The United States Treasury’s Office of Foreign Assets Control (OFAC) added another batch of crypto wallets from individuals and companies to its specially designated nationals (SDN) list on Tuesday, all tied to illegal fentanyl trade.
The drug trafficking network, primarily centered in China, used a variety of cryptocurrencies to facilitate some of its operations. Six entities and their digital wallet addresses have now been flagged by the government, including five individuals and one company—Valerian Labs.
“The addresses identified by OFAC as part of this action collectively received just under $3.8 million worth of cryptocurrency, representing huge quantities of drugs potentially trafficked into the United States and other countries,” wrote blockchain surveillance firm Chainalysis in a blog post on the matter.
A total of 17 wallet addresses were identified in OFAC’s action, spanning networks including Bitcoin, Ethereum, and Tron. Most illicit transactions on the latter two blockchains were received through stablecoins—crypto tokens backed by relatively price-stable fiat currencies, such as U.S. dollars.
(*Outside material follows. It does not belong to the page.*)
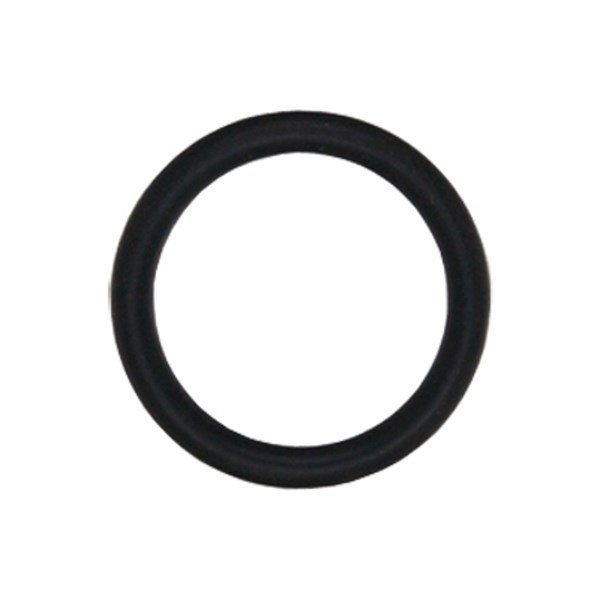 1001.3337, O-RING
Besides Valerian Labs, the five individuals’ wallets are all hosted at the same centralized crypto exchange, where they each received “hundreds of thousands of dollars’ worth of cryptocurrency.” The exchange in question was not identified.
Each wallet received funds through a long series of small transfers in “consistent amounts” from both personal wallets and other mainstream exchanges. For Chainalysis, the pattern of consistent payments was “an indication of the sale of specific goods—in this case, fentanyl and associated precursor chemicals.”
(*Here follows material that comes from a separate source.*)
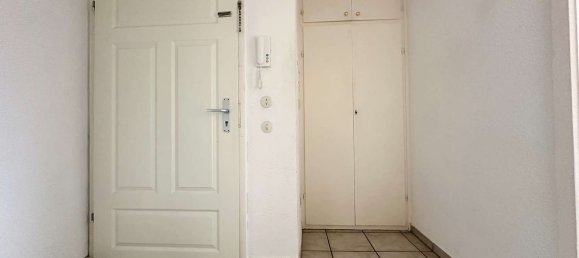 Apartamento de 3 habitaciónes en Zollernalbkreis, Germany No. 62072 11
Crypto-based fentanyl sales worldwide are on the rise. In May, Chainalysis published a report finding that China-based fentanyl sellers have received $37.8 million worth of cryptocurrency since 2018.
Though the U.S. Treasury has already sanctioned Bitcoin addresses linked to such suppliers, Tuesday’s action is the first to target addresses on Tron. Last month, OFAC also sanctioned an Ethereum address tied to a member of a Mexican money laundering network who allegedly used crypto to transfer fentanyl proceeds across the border.
“The sanctions against the individuals and businesses associated with this criminal network are an important step in preventing the abuse of cryptocurrency by drug traffickers, as well as a reminder of the depth of the problem,” Chainalysis concluded.